Having spent her entire life in the Amazon jungles, the adolescent Dora is deposited temporarily with relatives in Los Angeles while her explorer parents pursue an especially-harrowing lead to a fabled lost Incan city in the remote wilderness of South America. Young Dora finds to her surprise that her natural survival skills have little prepared her for the harsh realities of American high school life.
But when Dora and a handful of her classmates are kidnapped by fortune hunters during a field trip and transported back to the Amazon jungles as a means of leveraging her parents into sharing their discoveries, the young explorer needs to use all her skills to return her friends to safety, rescue her family, and locate the fabled Lost City of Gold.
Benefitting enormously from the ideal casting of 18-year-old Nickelodeon veteran Isabela Moner as Dora, “Dora and the Lost City of Gold” initially struggles to find its footing: The film seems to have trouble deciding whether to be a comedy, a satire, or a drama, a straightforward adaptation or a parody. But as soon as writers Nicholas Stoller and Tom Wheeler decide to turn their story into a fairly straight jungle adventure, the picture’s trajectory begins to sail forward smoothly.
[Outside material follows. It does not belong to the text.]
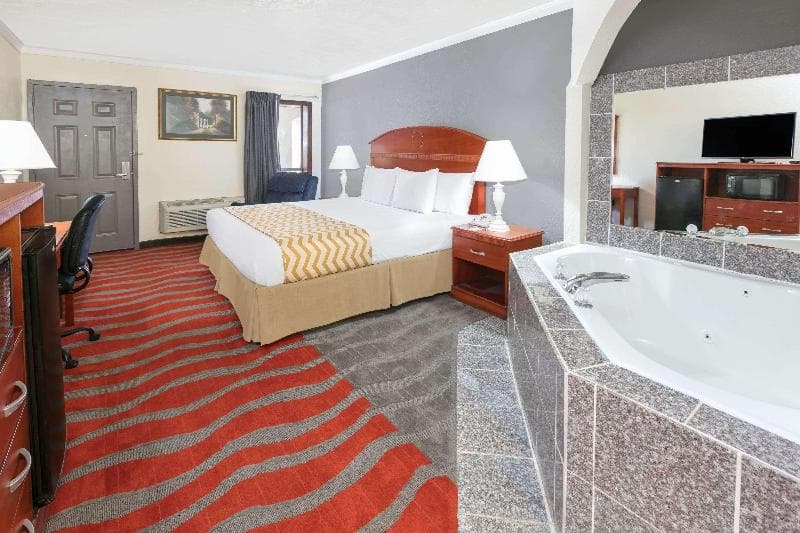 Travelodge Inn & Suites by Wyndham Norman 1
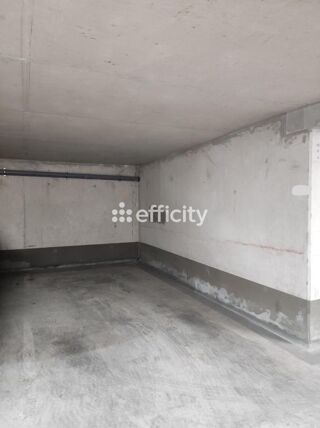  Parking / Garage à vendre 11 m²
Directed by James Bobin, who also worked with co-screenwriter Stoller on 2011’s “The Muppets” and 2014’s “Muppets Most Wanted,” “Dora and the Lost City of Gold” contains guest performances by Eva Longoria and Michael Pena as Dora’s explorer parents, Mexican superstar Eugenio Derbez as the hapless villain Alejandro Gutierrez, and the heard-but-not-seen Danny Trejo and Benicio del Toro as the voices of Boots the Monkey and Swiper the Fox.
Released to 3,735 theaters across the United States and Canada, “Dora and the Lost City of Gold” is rated PG for mild jungle action and peril.
“The Kitchen” Distributed by Warner Bros. Pictures, 103 Minutes, Rated R, Released Aug. 9:
Based on the comic book series of the same name published by Marvel Comics rival DC, in “The Kitchen” three women, the wives of Irish mobsters in late-1970s New York City, are left to fend for themselves when their husbands are sent to prison for participating in a horribly botched grocery store robbery.
Abandoned and shunned by the Mob which promised to support them during their husbands’ incarceration and hearing an increasing number of complaints about organized crime’s failure to provide the protection many small businesses are paying them for, the three women decide to go into the protection racket on their own: They assume management of organized crime operations in their Hell’s Kitchen neighborhood, and quickly find themselves in the line of fire from the Mob ... and their soon-to-be-paroled husbands.
Although the picture’s premise seems vaguely suggestive of a film comedy, and despite its casting of comic actresses Melissa McCarthy and Tiffany Haddish in two of the film’s central roles — Elisabeth Moss, known for her role in the popular television series “The Handmaid’s Tale,” is the third — ”The Kitchen” is played as a straight crime drama, with the performers approaching their roles and delivering their dialogue with the practiced solemnity of players in a Shakespearean tragedy.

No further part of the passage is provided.